Basta apenas informar o leitor que, como outros redatores nesta série, fiz minha própria tradução do original (seguiremos Almeida Revista e Atualizada no Brasil nas transcrições), e agradecer os numerosos amigos que me deram ajuda e encorajamento. Entre estes, gostaria especialmente de mencionar o Professor F. F. Bruce, que bondosamente leu e comentou a Introdução, o Reverendo D. Guthrie, que ofereceu sugestões valiosas, e Sra. Etta Guilick, em cuja casa em Somerset o livro começou, e foi datilografado em parte.
Dia da Ascensão, 1963.
ABREVIATURAS
ai.	Aliter, i.é, "doutra forma."
ARA	Almeida Revista e Atualizada no Brasil
ARC	Almeida Revista e Corrigida
AV	Authorizedou KingJames — Versão da Bíblia.
LXX	Septuaginta (Versão grega do Antigo Testamento).
m	Nota marginal.
Moffatt	The Bible, A New Translation, por J. Moffatt.
MS (S)	Manuscrito(s)
NEB	The New English Bible (Novo Testamento)
N.T.	Novo Testamento.
A.T.	Antigo Testamento.
PG	Patrologia Graeca, ed.J.Migne.
PL	Patrologia Latina, ed. J. Migne.
RSV	Revised Standard Version da Bíblia em Inglês.
Vulgata	A versão Vulgata, ou latina, da Bíblia.
Outros comentários usualmente têm sido citados pêlos nomes dos seus autores.
INTRODUÇÃO
l. AS PERSONALIDADES
Estas três cartas, que formam um grupo distinto na coletânea paulina, declaram ser comunicações do grande Apóstolo enviadas a dois dos seus lugares-tenentes da maior confiança. Receberam o título de "Pastorais" desde o início do século XVIII porque estão endereçadas a pastores e, em grande medida, dizem respeito aos deveres deles.

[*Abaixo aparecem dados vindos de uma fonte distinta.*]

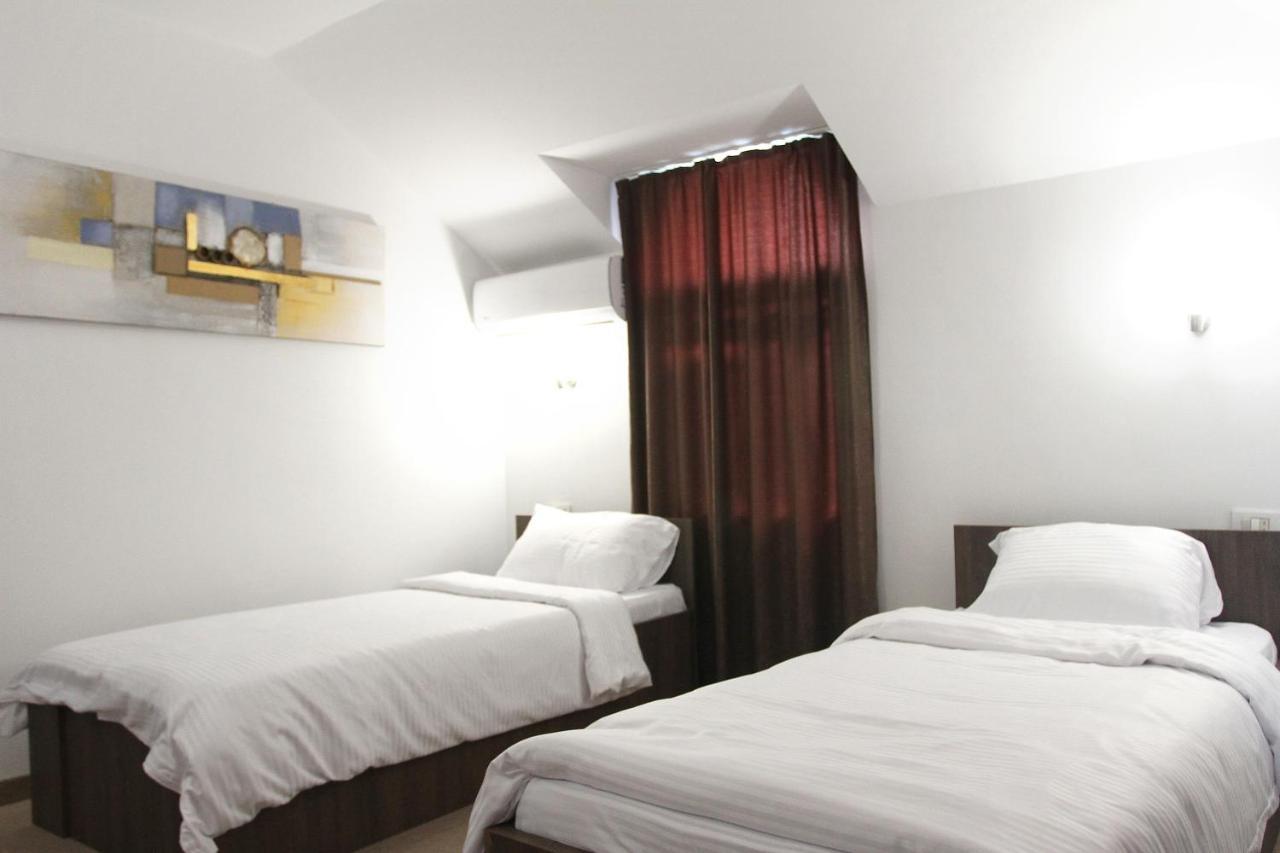 Hotel Andalus Üsküp Dış mekan fotoğraf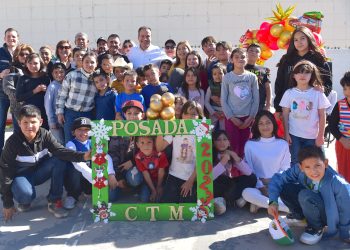 Acompaña Toño Astiazarán a familias en la tradicional posada navideña de la CTM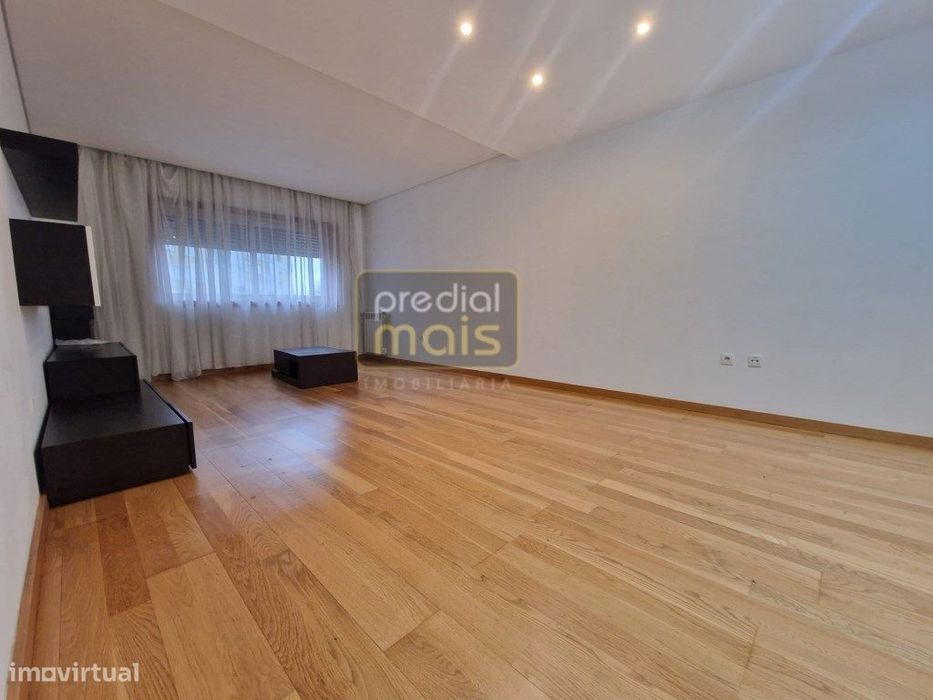 Apartamento T2 Novo C/ Novo - Centro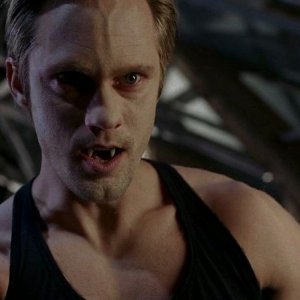 Il vampiro Eric (Alexander Skarsgård) pronto a sfogare tutta la sua rabbia sul reverendo Newlin in una scena dell'episodio 'Timebomb' della serie True Blood
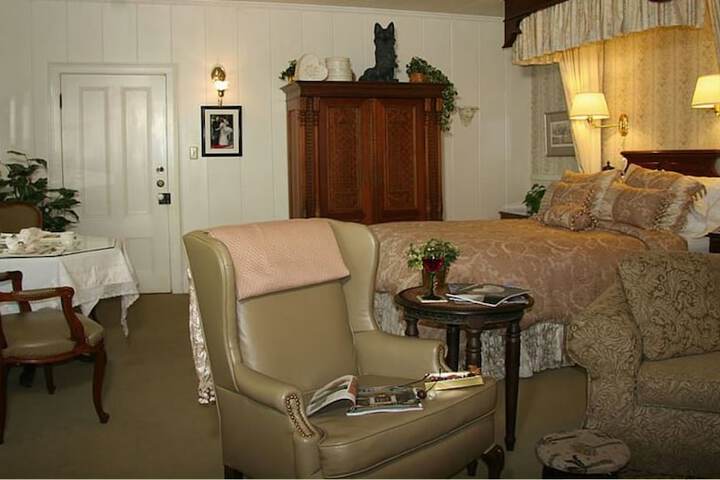 Room 21 of 38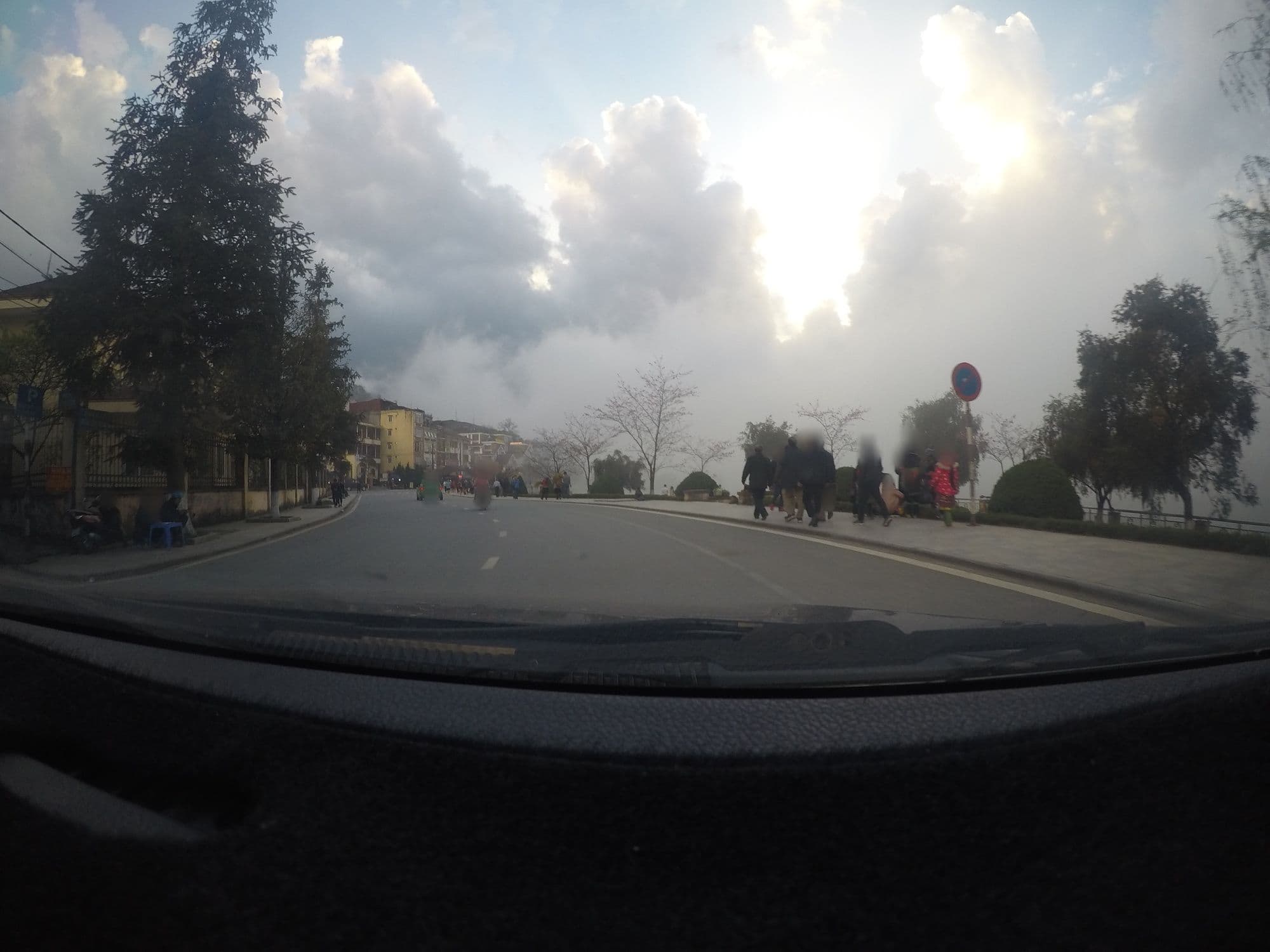 Street view near Lito Hotel, Sa Pa — © 24dakenlo (CC BY-SA · Mapillary)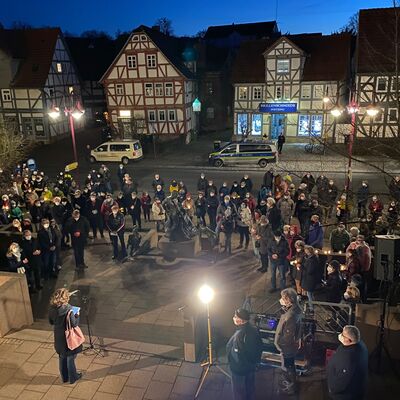 Bild vergrößern: Dritte Mahnwache vor dem Kaufunger Rathaus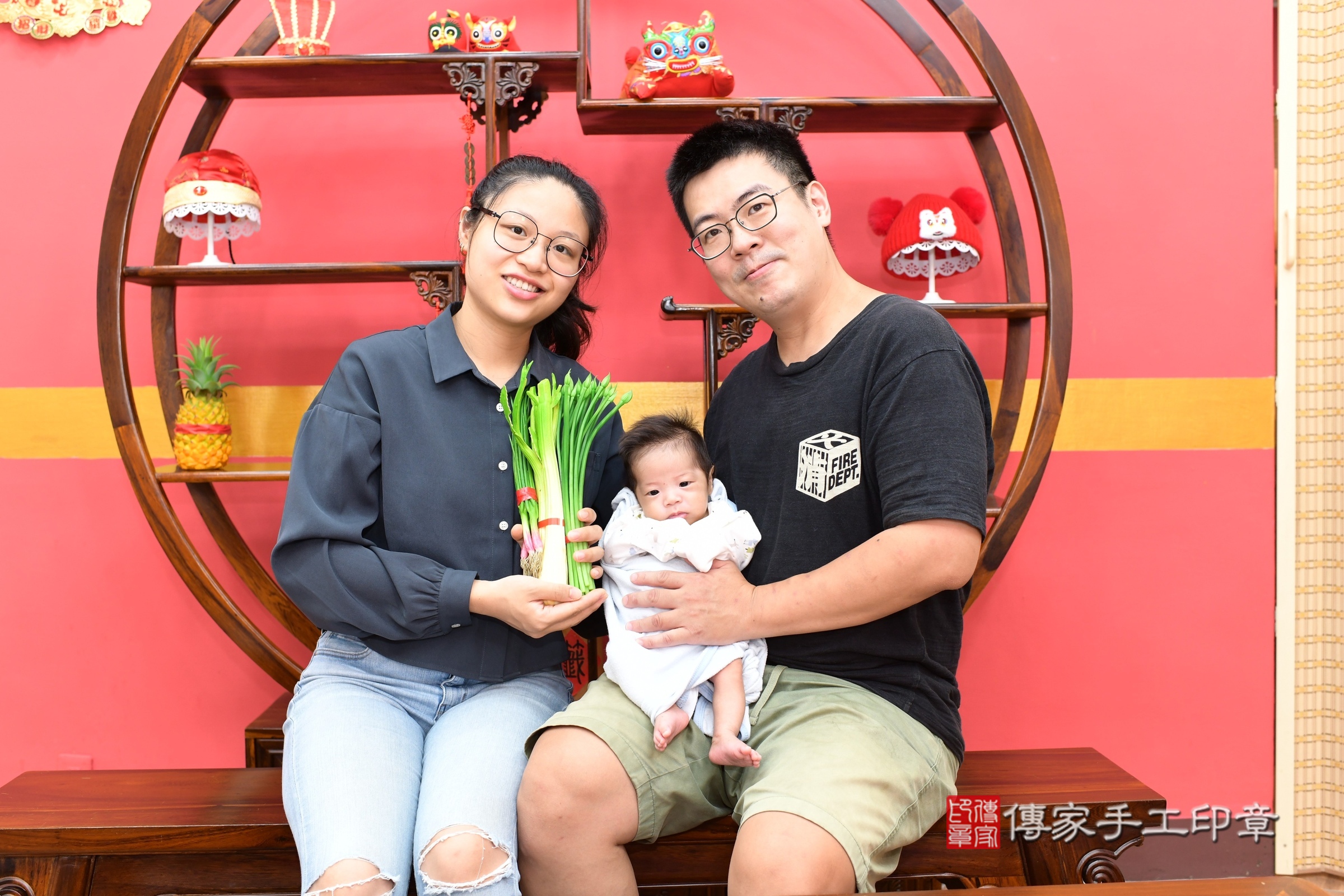 軒軒寶寶(新北市永和區嬰兒寶寶滿月剃頭理髮、嬰兒剃胎毛儀式吉祥話)。中國風會場，爸媽寶貝穿「日中韓」古裝禮服。專業拍照、證書。★購買「臍帶章、肚臍章、胎毛筆刷印章」贈送：剃頭、收涎、抓周，三選一。2025.6.28，照片8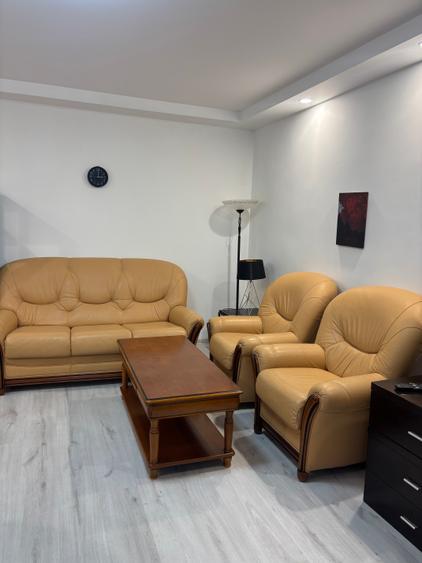 Apartament cu 2 camere decomandat în Nerva Traian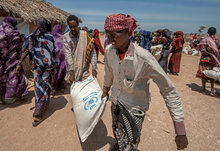 Wegen der schweren Dürre am Horn von Afrika, waren 2022 Millionen Menschen auf Ernährungshilfe angewiesen. Hier verteilt WFP Nahrungsmittel im Norden Kenias. Bild: WFP/Alessandro Abbonizio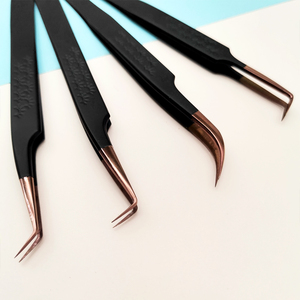 Pinzas para Pestañas de Acero Inoxidable con Punta Dorada y Revestimiento Negro Antiestático, Duraderas, Agarre Perfecto, Punta Dentada/Serrada, 10 mm de Longitud - Product Image 2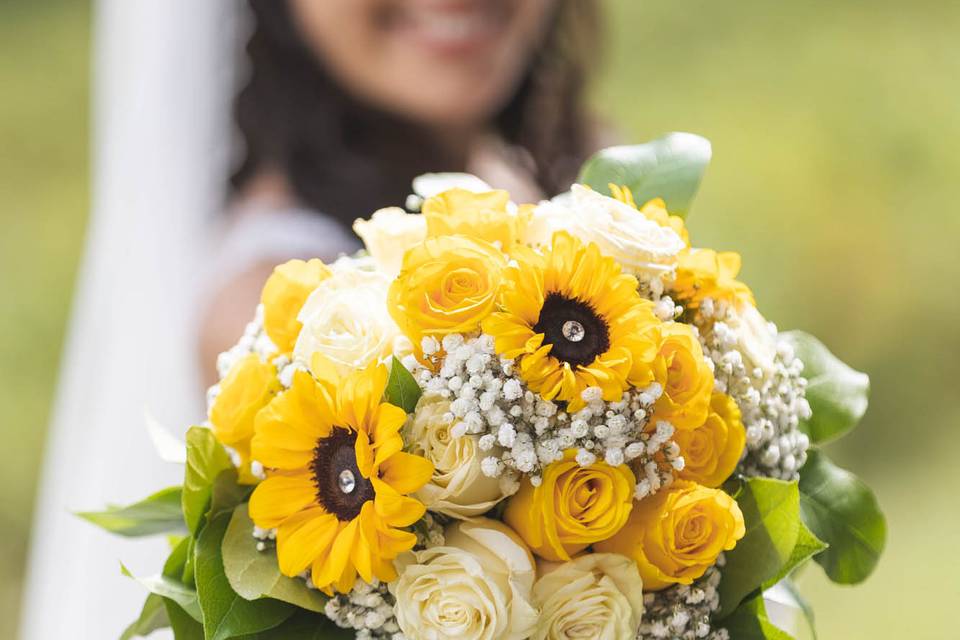 Bouquet giallo e bianco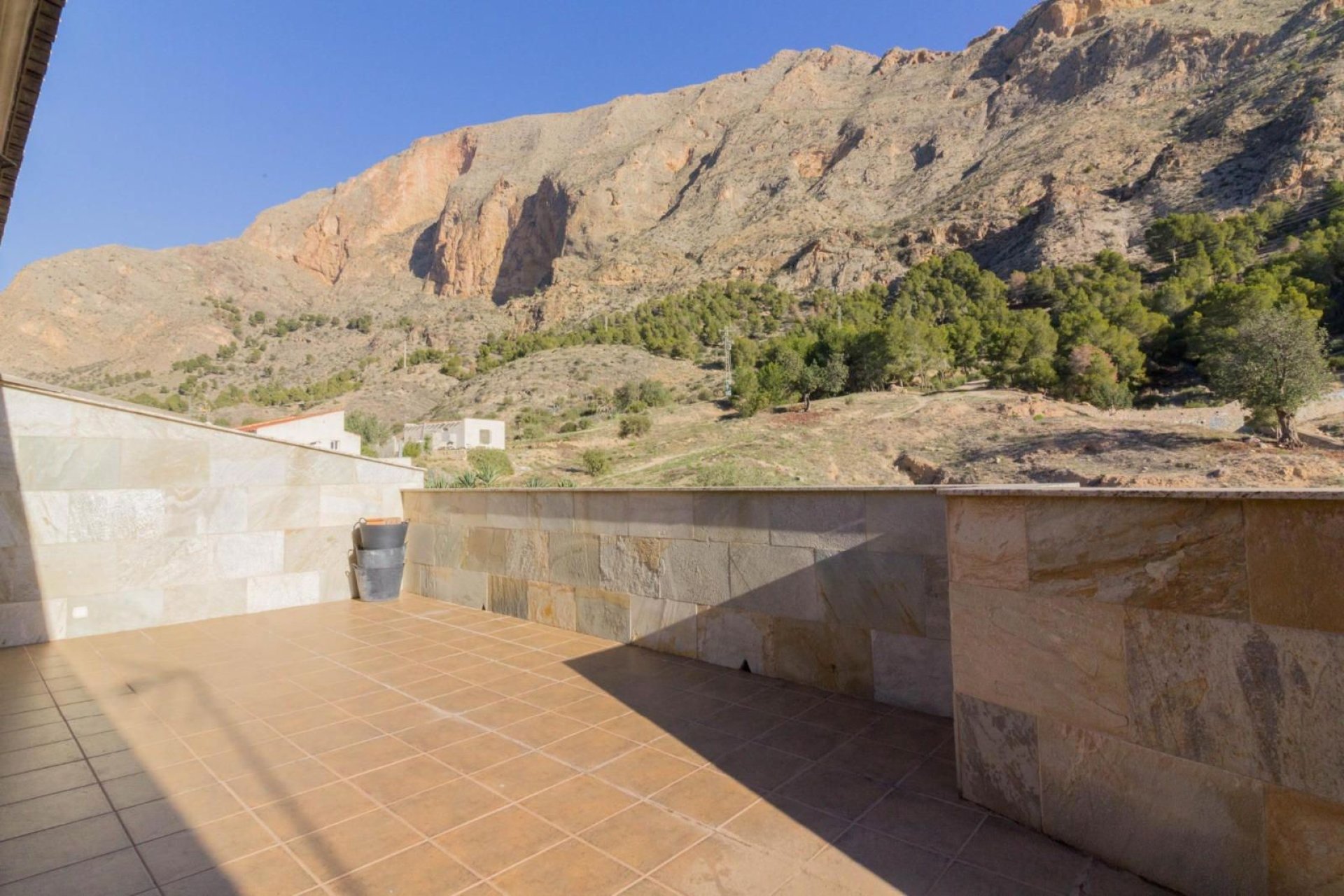 Resale - Detached villa -
Redován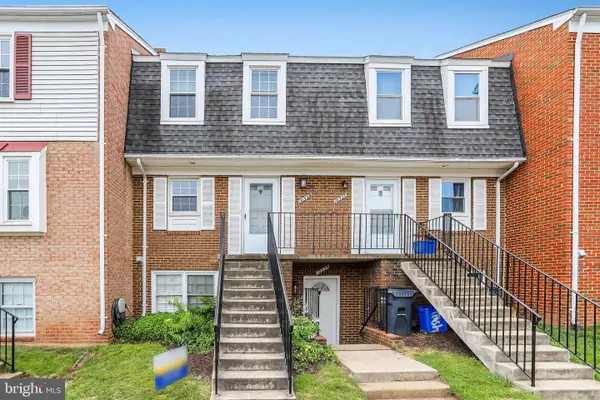 1033-b Margate Ct, STERLING, VA 20164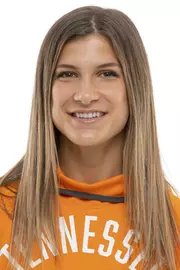 Emma Dilullo headshot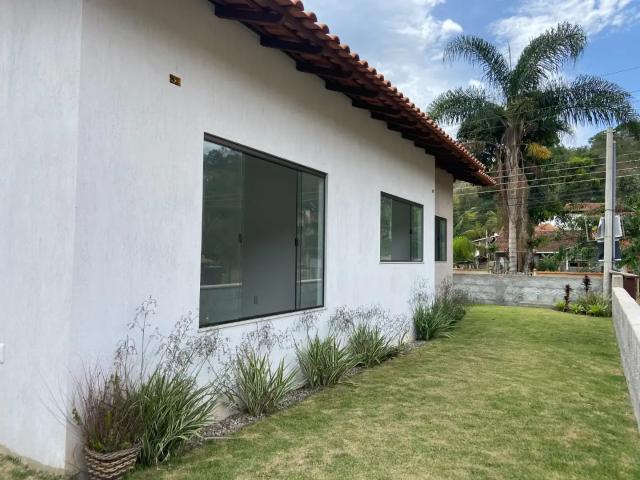 Casa / Sobrado em Condomínio para Venda em Miguel Pereira/RJ Lagoinha 2 Quartos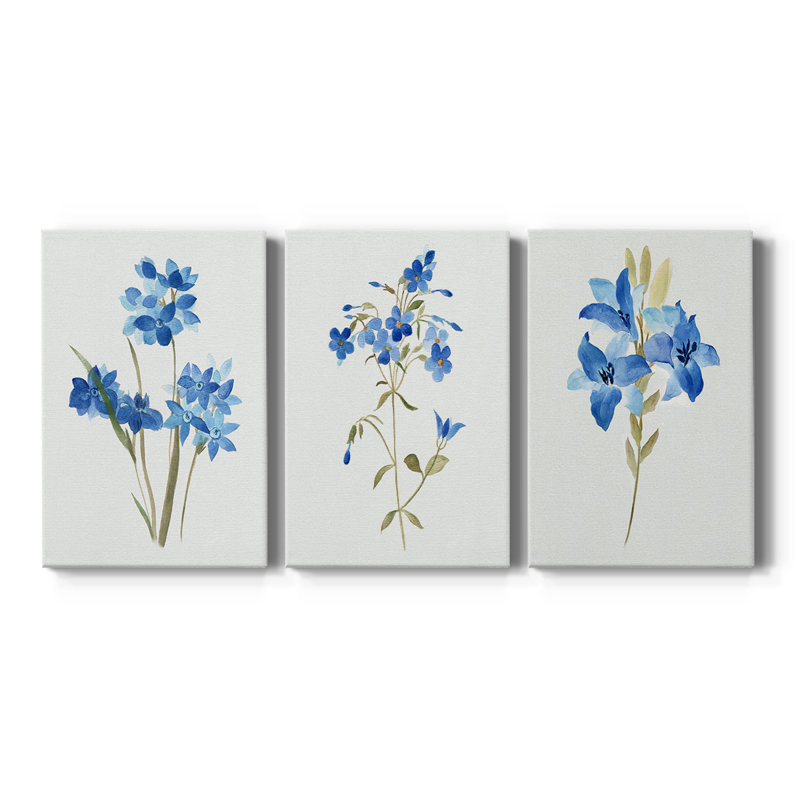 «Blue Blossom Botanical I», toile tendue sur mesure - 3 pièces, H 48 po x l 96 po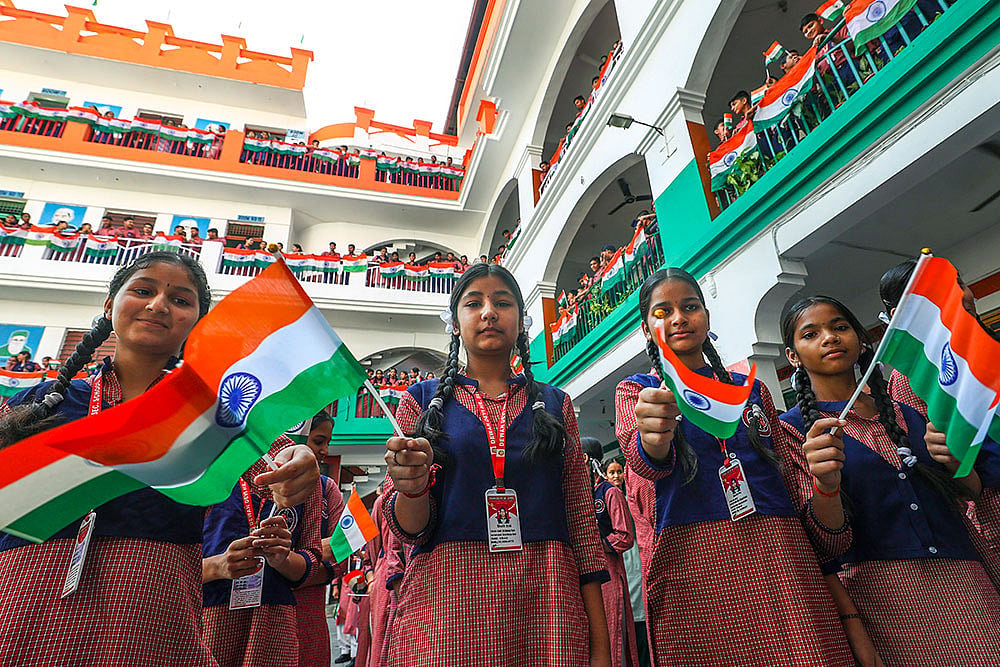 Students hail armed forces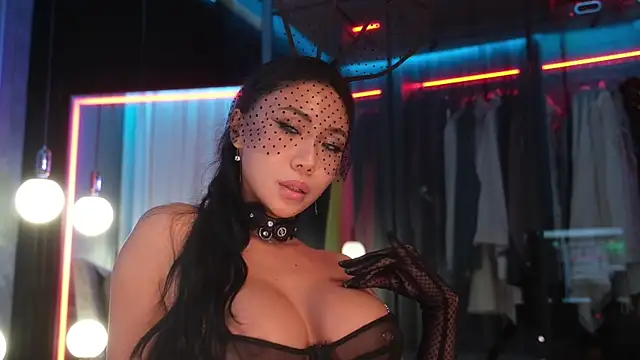 Snapshot of Ami_Katana chatting on 09/23/25, 02:13 Ami Katana online show from 09/23/25, 02:13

Timóteo é um dos mais conhecidos entre as personagens secundárias do Novo Testamento. Filho de um pai pagão e de uma mãe judia convertida, juntou-se pela primeira vez à comitiva de Paulo em Listra, na Licaônia, no início da segunda viagem missionária deste. Já era um cristão de certa posição, tendo sido provavelmente convertido por Paulo quando este pregara na localidade um ou dois anos anteriormente. Parece que o Apóstolo teve simpatia por ele e o persuadiu a acompanhá-lo, mas primeiramente o circuncidou como uma concessão às suscetibilidades judaicas (At 16:1-3). A partir de então, foi companheiro constante de Paulo e seu amigo íntimo, e cooperou com ele em várias das suas cartas (l e 2 Ts, 2 Co, Fp, Cl e Fm), e foi encarregado de várias missões importantes, e.g. para Téssalônica (l Ts 3:2) e para Corinto (l Co 4:17). O Apóstolo o considerava seu "cooperador", e seu "filho amado e fiel no Senhor" (Rm 16:21; l Co 4:17). Quando Paulo estava começando sua última viagem a Jerusalém, Timóteo fazia parte do grupo (At 20:4), e estava ao seu lado durante sua prisão em Roma. Realmente, Paulo recebia consolo especial da sua presença e planejou o envio dele numa missão para a igreja filipense (Fp 2: 19-24).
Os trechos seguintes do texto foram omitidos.